How can entrepreneurs incorporate ESG into their business


ESG (Environmental, Social, and Governance) imperatives have gained significant importance in recent years, not only globally but also in India. Entrepreneurs in India are increasingly contemplating the need to incorporate ESG principles into their business strategies to drive sustainable growth, promote employee welfare, mitigate risks, and meet the evolving expectations of stakeholders. 

With the changing business landscape, it becomes essential to understand the importance of ESG in the decision-making process of businesses. 

  1. Responsible Investment: Entrepreneurs seeking funding should recognize that ESG considerations are increasingly integrated into investment decisions. They should align their business models and strategies with ESG principles to attract impact investors, venture capitalists, and financial institutions that prioritize sustainable development.
  2. Responsible Supply Chain: The top public companies have already been mandated by SEBI to report on their ESG initiatives and this will extend to the supply chain including vendors, suppliers, and partners. Startups and entrepreneurs who are part of this extended chain will eventually have to comply with the ESG imperatives and starting early will help them stay ahead of the race.
  3. Responsible Employer: Entrepreneurs must consider the social impact of their businesses and strive to create positive change in society. This includes fostering diversity and inclusion within their organizations, promoting fair labour practices, and ensuring the health and safety of their employees.
  4. Responsible Business: Entrepreneurs can contribute to social development by supporting local communities, investing in education, healthcare, and other social welfare initiatives promoting corporate social responsibility.

Entrepreneurs can look at many ways to encourage the early adoption of ESG considerations in their business roadmap, such as: 

Innovation and Technology:

Entrepreneurs in India should leverage innovation and technology to drive sustainable solutions. By developing and adopting innovative products, services, and processes, entrepreneurs can address societal and environmental challenges effectively. For example, embracing clean technologies, digitalization, and circular economy models can lead to increased resource efficiency, reduced waste, and increased profitability.

Stakeholder Engagement:

Entrepreneurs must actively engage with their stakeholders, including employees, customers, investors, and communities. By understanding their needs and concerns, entrepreneurs can better align their business strategies with stakeholder expectations. Regular communication and dialogue can help build trust, foster loyalty, and gain valuable insights that contribute to the long-term success of the business.

Reporting and Transparency:

Transparent reporting on ESG performance is essential to demonstrate accountability and attract socially responsible investors. Entrepreneurs should track and measure ESG metrics by adopting internationally recognized frameworks, such as those proposed by the Global Reporting Initiative (GRI) or Sustainability Accounting Standards Board (SASB), or refer Indian reporting frameworks such as Business Responsibility and Sustainability Reporting (BRSR) by SEBI to disclose their ESG practices and performance.
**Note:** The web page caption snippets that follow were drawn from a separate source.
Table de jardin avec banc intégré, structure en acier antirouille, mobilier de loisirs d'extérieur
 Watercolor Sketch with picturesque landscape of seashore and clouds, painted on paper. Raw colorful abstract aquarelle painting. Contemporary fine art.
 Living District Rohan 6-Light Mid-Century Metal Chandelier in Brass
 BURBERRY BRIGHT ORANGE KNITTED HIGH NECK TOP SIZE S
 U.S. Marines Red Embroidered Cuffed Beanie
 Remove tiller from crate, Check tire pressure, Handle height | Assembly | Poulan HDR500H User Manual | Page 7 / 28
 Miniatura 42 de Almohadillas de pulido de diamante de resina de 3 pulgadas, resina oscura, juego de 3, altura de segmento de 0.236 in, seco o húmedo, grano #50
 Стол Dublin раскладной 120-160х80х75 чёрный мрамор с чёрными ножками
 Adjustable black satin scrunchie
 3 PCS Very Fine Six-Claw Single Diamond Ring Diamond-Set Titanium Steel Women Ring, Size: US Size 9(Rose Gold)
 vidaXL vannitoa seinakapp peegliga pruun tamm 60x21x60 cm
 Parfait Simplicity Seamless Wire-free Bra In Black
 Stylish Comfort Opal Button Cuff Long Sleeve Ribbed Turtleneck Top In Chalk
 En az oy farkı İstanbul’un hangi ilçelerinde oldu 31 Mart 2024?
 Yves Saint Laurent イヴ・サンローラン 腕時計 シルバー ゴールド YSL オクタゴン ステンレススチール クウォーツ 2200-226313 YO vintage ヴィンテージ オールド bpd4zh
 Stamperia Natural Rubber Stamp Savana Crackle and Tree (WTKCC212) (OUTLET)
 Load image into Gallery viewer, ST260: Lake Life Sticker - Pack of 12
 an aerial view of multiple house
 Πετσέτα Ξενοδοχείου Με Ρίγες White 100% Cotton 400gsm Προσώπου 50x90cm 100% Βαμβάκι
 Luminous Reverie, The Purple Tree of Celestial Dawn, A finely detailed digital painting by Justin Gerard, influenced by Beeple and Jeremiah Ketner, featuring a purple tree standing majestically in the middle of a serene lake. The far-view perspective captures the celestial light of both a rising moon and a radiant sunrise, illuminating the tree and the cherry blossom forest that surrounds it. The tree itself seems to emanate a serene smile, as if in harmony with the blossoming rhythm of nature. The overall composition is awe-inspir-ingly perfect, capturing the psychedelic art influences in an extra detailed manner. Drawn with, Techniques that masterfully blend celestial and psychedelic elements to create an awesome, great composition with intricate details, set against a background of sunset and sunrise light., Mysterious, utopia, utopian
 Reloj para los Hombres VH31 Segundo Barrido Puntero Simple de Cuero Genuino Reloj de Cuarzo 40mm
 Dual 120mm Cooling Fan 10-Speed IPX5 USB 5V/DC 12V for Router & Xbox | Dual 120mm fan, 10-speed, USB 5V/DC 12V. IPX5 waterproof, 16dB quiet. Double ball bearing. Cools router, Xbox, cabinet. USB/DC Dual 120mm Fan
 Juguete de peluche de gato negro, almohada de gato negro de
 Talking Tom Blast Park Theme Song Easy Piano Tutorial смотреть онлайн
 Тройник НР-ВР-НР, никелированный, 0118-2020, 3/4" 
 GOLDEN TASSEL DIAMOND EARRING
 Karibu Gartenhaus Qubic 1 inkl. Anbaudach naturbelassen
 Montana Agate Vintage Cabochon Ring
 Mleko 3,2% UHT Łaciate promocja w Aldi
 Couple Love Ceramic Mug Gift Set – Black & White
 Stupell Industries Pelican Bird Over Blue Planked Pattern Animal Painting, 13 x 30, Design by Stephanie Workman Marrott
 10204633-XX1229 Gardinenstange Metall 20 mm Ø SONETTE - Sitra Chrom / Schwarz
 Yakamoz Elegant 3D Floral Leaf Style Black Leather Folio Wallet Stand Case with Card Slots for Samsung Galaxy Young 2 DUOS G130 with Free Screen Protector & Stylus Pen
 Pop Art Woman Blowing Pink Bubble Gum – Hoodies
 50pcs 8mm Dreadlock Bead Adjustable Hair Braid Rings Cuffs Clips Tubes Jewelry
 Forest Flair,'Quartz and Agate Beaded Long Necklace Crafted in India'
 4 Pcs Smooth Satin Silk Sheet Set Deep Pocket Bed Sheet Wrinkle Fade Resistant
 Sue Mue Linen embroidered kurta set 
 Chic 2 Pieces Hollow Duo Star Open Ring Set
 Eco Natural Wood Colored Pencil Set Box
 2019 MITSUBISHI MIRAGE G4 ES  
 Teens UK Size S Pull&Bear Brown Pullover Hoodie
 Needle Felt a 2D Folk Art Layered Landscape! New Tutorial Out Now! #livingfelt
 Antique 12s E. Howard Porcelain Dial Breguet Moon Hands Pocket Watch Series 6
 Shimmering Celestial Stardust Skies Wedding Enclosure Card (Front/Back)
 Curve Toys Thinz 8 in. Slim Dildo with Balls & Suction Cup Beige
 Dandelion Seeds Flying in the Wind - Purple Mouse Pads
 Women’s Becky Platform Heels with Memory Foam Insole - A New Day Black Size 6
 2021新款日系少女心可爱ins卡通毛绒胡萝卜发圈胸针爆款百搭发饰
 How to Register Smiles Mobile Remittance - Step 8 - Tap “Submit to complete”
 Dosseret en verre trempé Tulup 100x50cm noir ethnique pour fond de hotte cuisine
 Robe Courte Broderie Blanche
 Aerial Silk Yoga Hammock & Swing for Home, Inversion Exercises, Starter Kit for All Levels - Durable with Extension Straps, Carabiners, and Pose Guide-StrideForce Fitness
Accurate and comprehensive reporting enhances credibility and helps stakeholders make informed decisions.

Corporate Governance:

Robust corporate governance practices are crucial for sustainable business growth and building trust among stakeholders. Entrepreneurs should establish transparent and accountable governance structures, including independent boards, effective risk management systems, and ethical business practices. By maintaining high standards of corporate governance, entrepreneurs can attract investors, build strong partnerships, and mitigate reputational risks.

Entrepreneurs are faced with the challenges of balancing the efforts towards building soonicorns/unicorns with the available resources. They may be sceptical in terms of the cost benefit ratio of deploying both financial and human resources to accomplish ESG objectives vis-à-vis other priorities. Also, in case of failure to meet any desired objectives such as clean energy, they may also face the negative implications of such decisions.

However, early adoption of ESG considerations will help them gain confidence of various stakeholders such as investors, employees, society, consumers, and others having vested interest in the business. This will help them to attract better investments, better talent, mitigate risks, gain additional revenue opportunities, and promote overall corporate governance.



Views expressed above are the author’s own.